Meantime, both in England and in France, there has been a growing sentiment that the government’s policy of silence has been a mistake. The cudgel of public opinion is a heavy one. The German propaganda in America has gone on steadily. There is no argument where one side only is presented. That splendid and solid part of the American people, the German population, essentially and naturally patriotic, keeping their faith in the Fatherland, is constantly presenting its case; and against that nothing official has been offered.
England is fighting heroically, stoically; but her stoicism is a vital mistake. This silence has nothing whatever to do with military movements, their success or their failure. It is more fundamental, an inherent characteristic of the English character, founded on reserve—perhaps tinged with that often misunderstood conviction of the Britisher that other persons cannot be really interested in what is strictly another’s affairs.

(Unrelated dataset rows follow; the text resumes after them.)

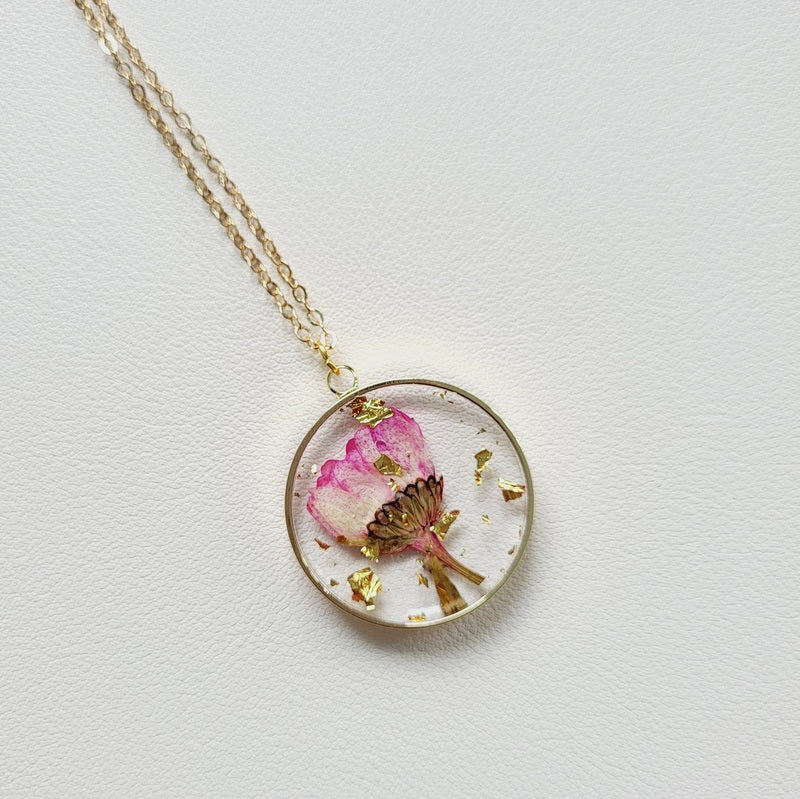 Gold tone dried flower resin pendant necklace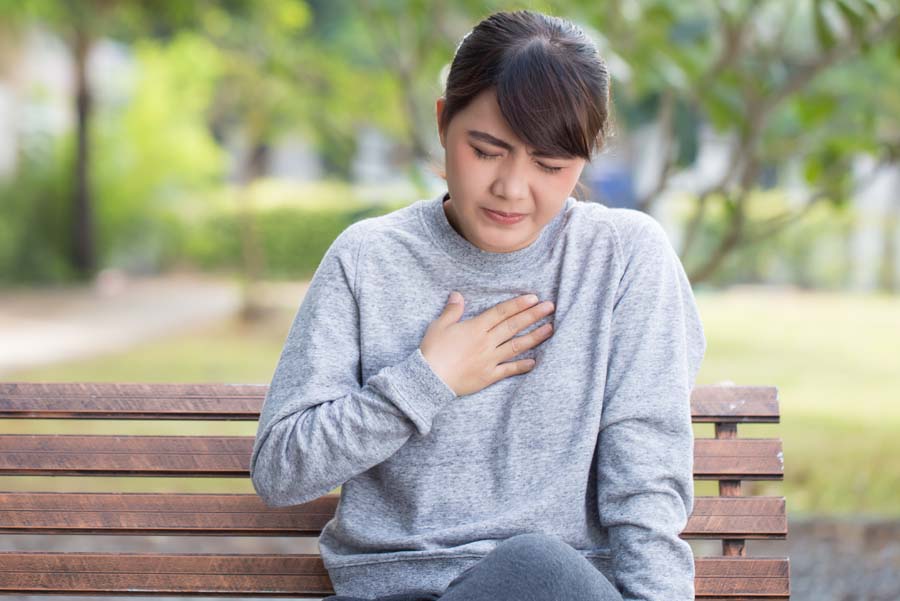 Woman with acid reflux disease pressing her fingers against sternum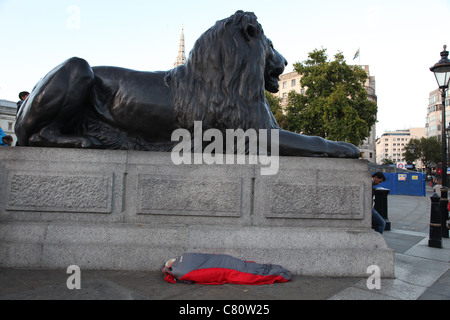Senzatetto traversina sotto uno dei Lions a Trafalgar Square, Londra Foto Stock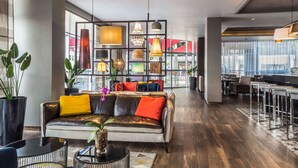 A modern hotel lobby with a leather sofa, a coffee table, and a glass-top table. There is a large window with a view of the outside.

The Allies are beginning to realise, however, that this war is not their own affair alone. It affects the world too profoundly. Mentally, morally, spiritually and commercially, it is an upheaval in which all must suffer.
And the English people, who have sent and are sending the very flower of their country’s manhood to the front, are beginning to regret the error in judgment that has left the rest of the English-speaking world in comparative ignorance of the true situation.

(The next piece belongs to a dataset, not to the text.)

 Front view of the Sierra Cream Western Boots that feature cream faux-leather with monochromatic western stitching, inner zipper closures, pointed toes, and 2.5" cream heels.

They are sending the best they have—men of high ideals, who, as volunteers, go out to fight for what they consider a just cause. The old families, in which love of country and self-sacrifice are traditions, have suffered heavily.

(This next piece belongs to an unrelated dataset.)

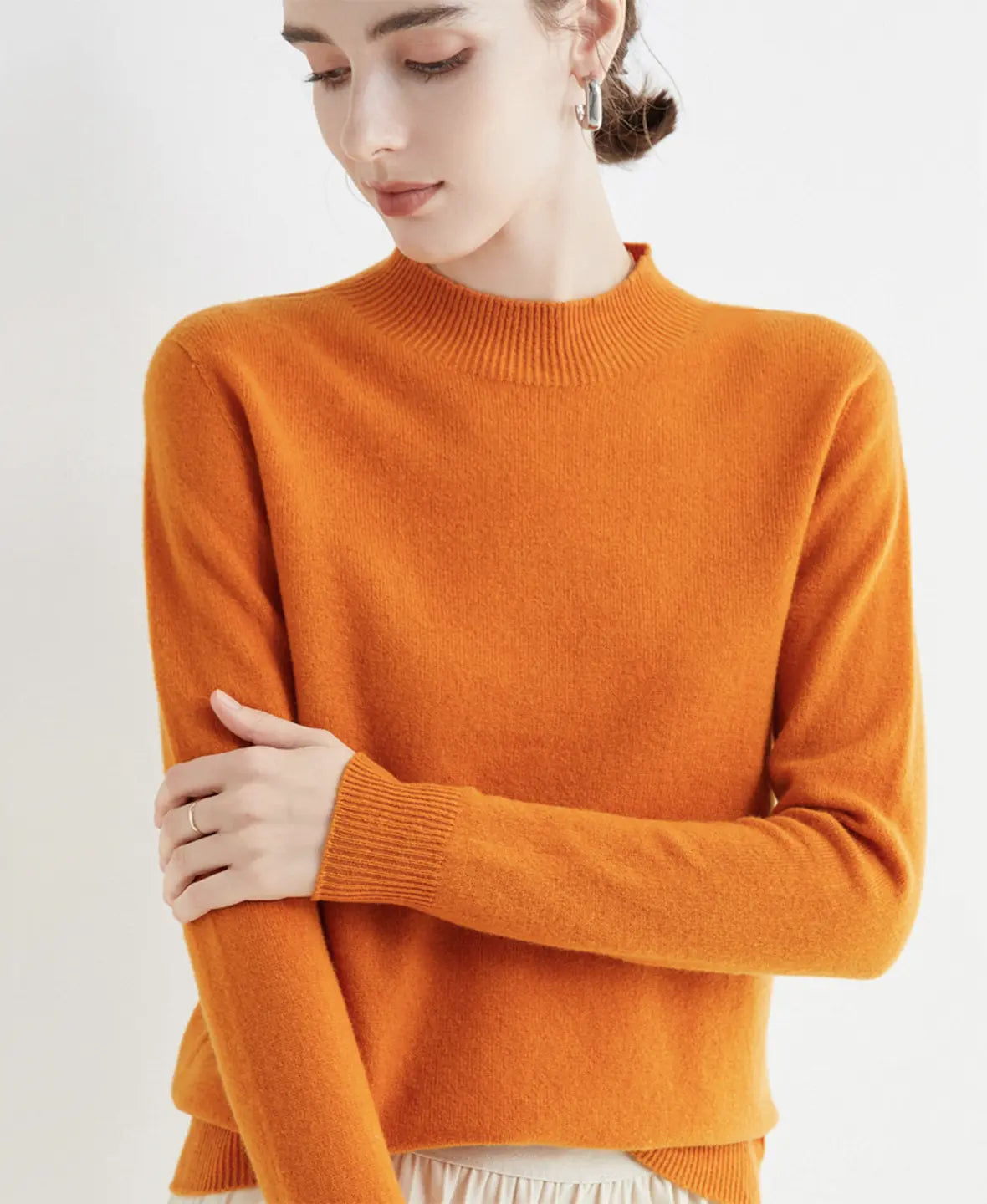 Pull femme en laine mérinos à col montant 19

The crux of the situation is Belgium—the violation of her neutrality; the conduct of the invading army; her unnecessary and unjustifiable suffering. And Belgium has felt that the time to speak has come.
The Belgian Red Cross may well be proud of the hospital at La Panne. It is modern, thoroughly organised, completely equipped. Within two weeks of the outbreak of the war it was receiving patients. It was not at the front then. But the German tide has forced itself along until now it is almost on the line.
Generally speaking, order had taken the place of the early chaos in the hospital situation when I was at the front. The British hospitals were a satisfaction to visit. The French situation was not so good. The isolated French hospitals were still in need of everything, even of anaesthetics. The lack of an organised nursing system was being keenly felt.
But the early handicaps of unpreparedness and overwhelming numbers of patients had been overcome to a large extent. Scientific management and modern efficiency had stepped in. Things were still capable of improvement. Gentlemen ambulance drivers are not always to be depended on. Nurses are not all of the same standard of efficiency. Supplies of one sort exceeded the demand, while other things were entirely lacking. Food of the kind that was needed by the very ill was scarce, expensive and difficult to secure at any price.